This week’s lucid summary and analysis by Noah Spies. This is Noah’s second contribution to the blog:

A normal eukaryotic messenger RNA is capped, spliced and polyadenylated within the nucleus in preparation for export into the wild world of the cytoplasm. Once in the cytoplasm, the translational machinery will recognize the cap and poly(A) tail and recruit ribosomes to translate the message until its eventual decapping/deadenylation and decay. In the late 1980s, it was discovered that many messages in Xenopus oocytes lay dormant in the cytoplasm until oocyte maturation or fertilization. These messages are recognized by a Cytoplasmic Polyadenylation Element (CPE) in their 3′ UTR by the CPE binding protein CPEB, and are deadenylated in the cytoplasm and stored in a translationally inert form until activation and re-adenylation at some later time point. Previous in vitro experiments suggested this system may activate some messages during the embryonic cell cycle, but there was little follow-up on these old results prior to this paper.

Novoa, et al (2010) used a differential elution system to purify mRNAs with short poly(A) tails (<30bp) and compared this pool to total mRNA (poly(A) tail length > 9bp) using microarrays. The authors isolated HeLa cells in S phase and compared these to cells in G2/M phases. The microarray experiment, largely validated by PCR (75% concordant results), showed several hundred genes whose poly(A) tails were either longer or shorter in G2/M than in S phase, and polysome profiling confirmed translational changes for a handful of these.

To connect these results to cytoplasmic polyadenylation, Novoa and colleagues showed the CPEB1 and CPEB4 were expressed in HeLa cells and CPEB1/2/4 were functional in an in vitro binding assay. Upon shRNA knock-down of CPEB1 and CPEB4, a number of genes showed differential polyadenylation profiles by microarray, hinting at a possible global role for CPEBs in regulating genes during the cell cycle. Experimental follow-up on one of these hits showed shRNA knock-down of CPEB lengthened the poly(A) tail of the Mnt mRNA, and this lengthening increased the protein levels. Other genes (e.g. CDKN3) showed similar effects.

If there are so many genes regulated by CPEB1/4 during the cell cycle, it should follow that there would be a significant phenotype following knock-down of these factors. Indeed, the authors found cell proliferation defects in both knock-downs, but not in a control knock-down. Much FACS analysis later, the authors conclude that CPEB knock-down results in a mitotic entry defect.

This work suggests that there is yet another layer of gene regulation operating during the cell cycle, and like any good research, raises more questions than it answers.
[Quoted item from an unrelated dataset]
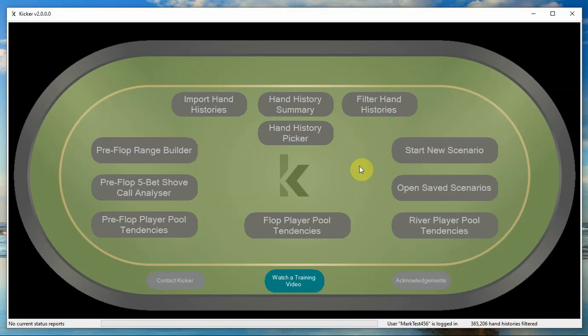So you can import all of your hands and then if you just want to focus on tournament hands, or just want to focus on six max PokerStars with an ante, you can do all of that. It allows you to filter it down to pretty much any level that you want.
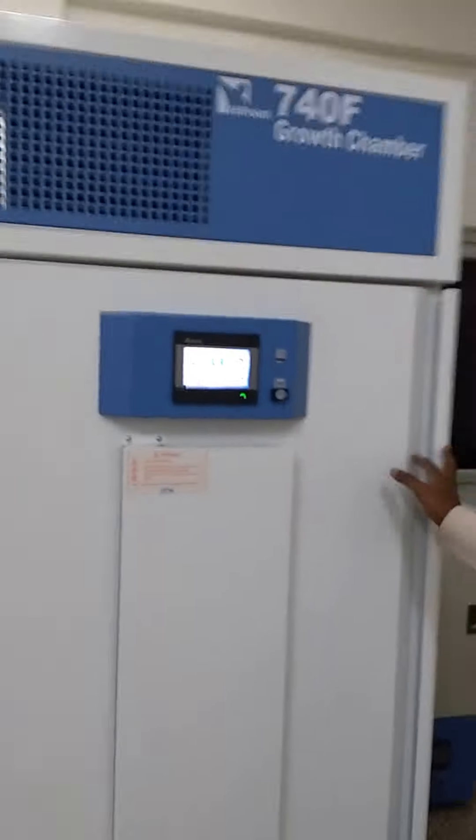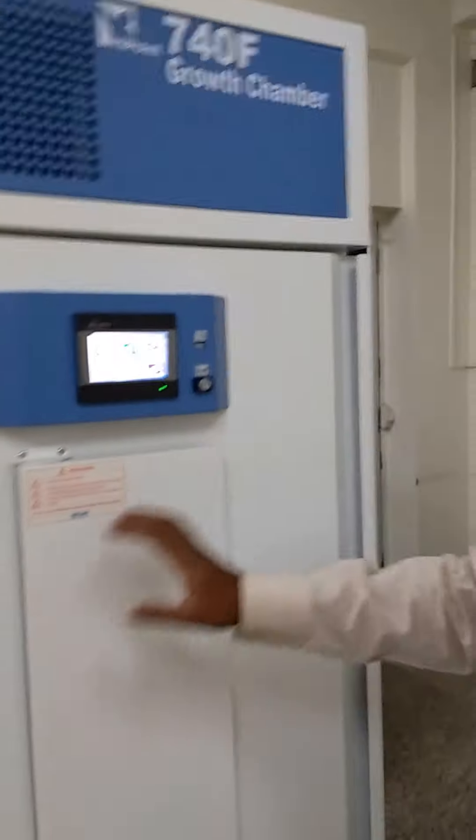Coming to air nets, it has two air nets on either side. One is below the growth chamber and the other is above the growth chamber.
First, poly(A) tail lengths clearly change after CPEB knock-downs, but it remains an open question how many of these effects are direct. The authors attempted a cursory motif enrichment analysis, but by their own admission, this was limited in its scope by the loose definition of these elements. Differentially polyadenylated genes were enriched for a number of regulatory motifs (CPE, ARE, microRNA), suggesting that some of the changes might have been due to effects other than cytoplasmic polyadenyation. A simple follow-up would be to express a reporter containing a putative regulated 3′ UTR and follow poly(A) tail length after CPEB knock-down or after mutation of the CPE element. Further work might include immunoprecipitation of CPEB-bound RNAs at different cell cycle stages to confirm a direct interaction. And the motif work could be expanded upon with more specific control sets (e.g. only expressed genes) and with only microRNAs expressed in HeLa cells (it’s unclear how this was done).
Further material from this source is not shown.